Exercise:
In the entries below, every line that contains "from" must be located and copied.

Recorded data:
- - -
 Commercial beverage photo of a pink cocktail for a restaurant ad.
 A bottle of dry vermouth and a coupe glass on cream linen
- - -
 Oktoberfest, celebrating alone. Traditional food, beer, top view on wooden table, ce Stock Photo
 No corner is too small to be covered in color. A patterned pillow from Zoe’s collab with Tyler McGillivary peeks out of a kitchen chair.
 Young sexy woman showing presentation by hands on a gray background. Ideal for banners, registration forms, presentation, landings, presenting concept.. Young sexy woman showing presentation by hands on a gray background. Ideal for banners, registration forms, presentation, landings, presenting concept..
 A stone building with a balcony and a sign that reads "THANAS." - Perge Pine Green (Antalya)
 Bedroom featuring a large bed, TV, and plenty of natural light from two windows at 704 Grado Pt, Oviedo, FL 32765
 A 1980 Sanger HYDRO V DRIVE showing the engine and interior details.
- - -
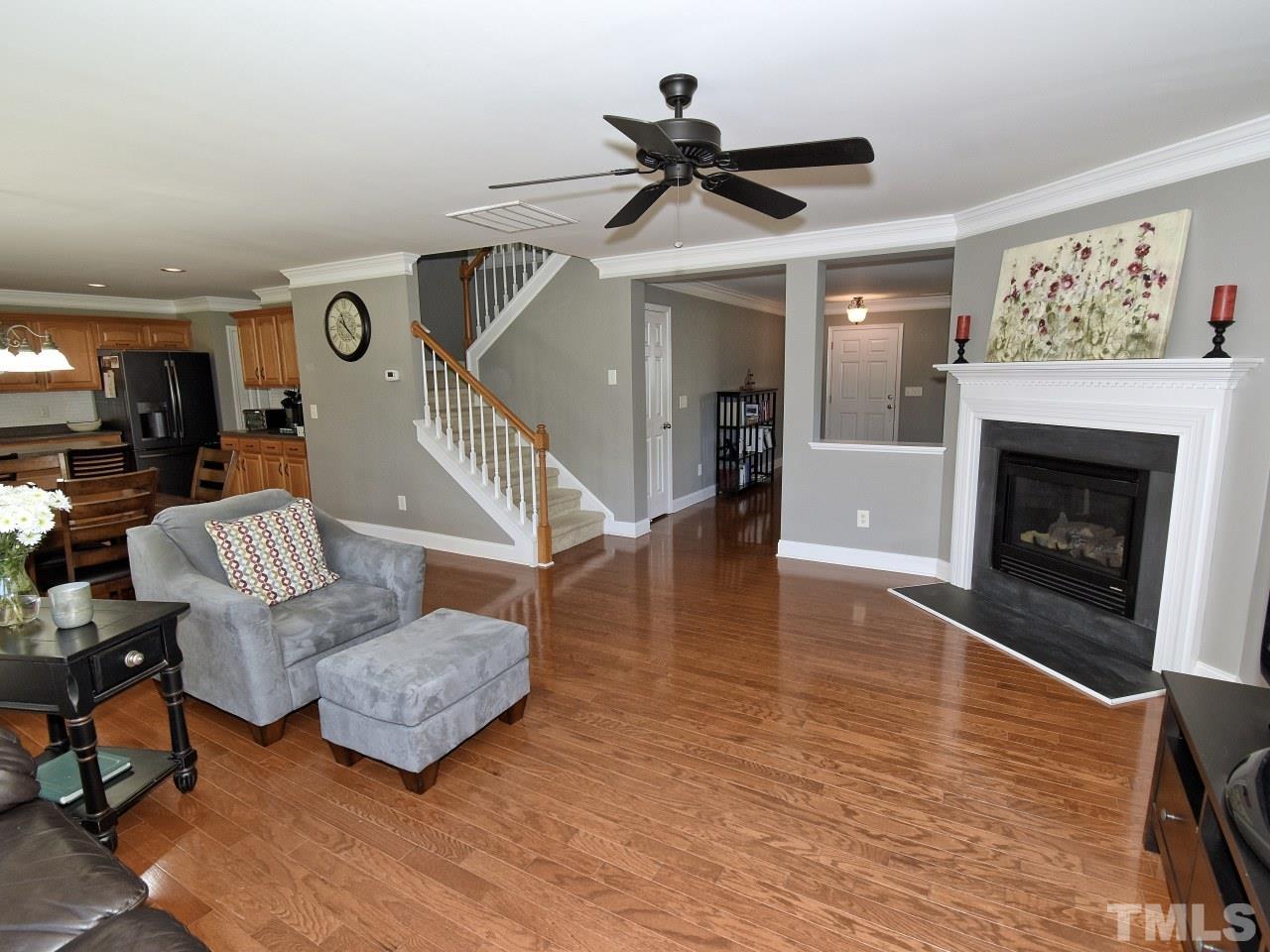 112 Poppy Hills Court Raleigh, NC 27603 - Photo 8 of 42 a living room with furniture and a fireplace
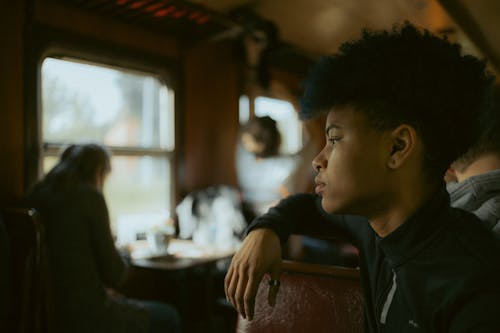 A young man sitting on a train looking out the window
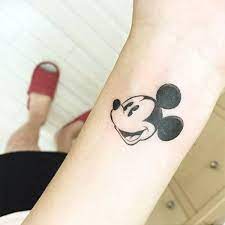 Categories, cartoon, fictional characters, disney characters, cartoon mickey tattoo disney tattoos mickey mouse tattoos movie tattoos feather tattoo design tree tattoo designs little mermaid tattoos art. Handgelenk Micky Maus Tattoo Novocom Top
- - -
Answer to the exercise:
 No corner is too small to be covered in color. A patterned pillow from Zoe’s collab with Tyler McGillivary peeks out of a kitchen chair.
 Bedroom featuring a large bed, TV, and plenty of natural light from two windows at 704 Grado Pt, Oviedo, FL 32765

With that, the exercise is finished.